Start of Entries supplied

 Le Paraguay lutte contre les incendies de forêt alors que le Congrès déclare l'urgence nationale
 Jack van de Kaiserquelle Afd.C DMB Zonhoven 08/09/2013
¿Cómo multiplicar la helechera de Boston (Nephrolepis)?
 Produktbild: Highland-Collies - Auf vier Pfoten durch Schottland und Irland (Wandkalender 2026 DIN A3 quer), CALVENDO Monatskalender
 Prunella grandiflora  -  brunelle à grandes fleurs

End of Entries supplied
Start of Entries supplied

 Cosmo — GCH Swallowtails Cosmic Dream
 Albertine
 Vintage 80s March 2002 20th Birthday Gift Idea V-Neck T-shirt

End of Entries supplied

Try it: The listing above holds a line with "de Boston (Nephrolepis)?" and a line with "à grandes fleurs". Print the stretch from the first through the second, exactly and alone.

Solution to this problem:
¿Cómo multiplicar la helechera de Boston (Nephrolepis)?
 Produktbild: Highland-Collies - Auf vier Pfoten durch Schottland und Irland (Wandkalender 2026 DIN A3 quer), CALVENDO Monatskalender
 Prunella grandiflora  -  brunelle à grandes fleurs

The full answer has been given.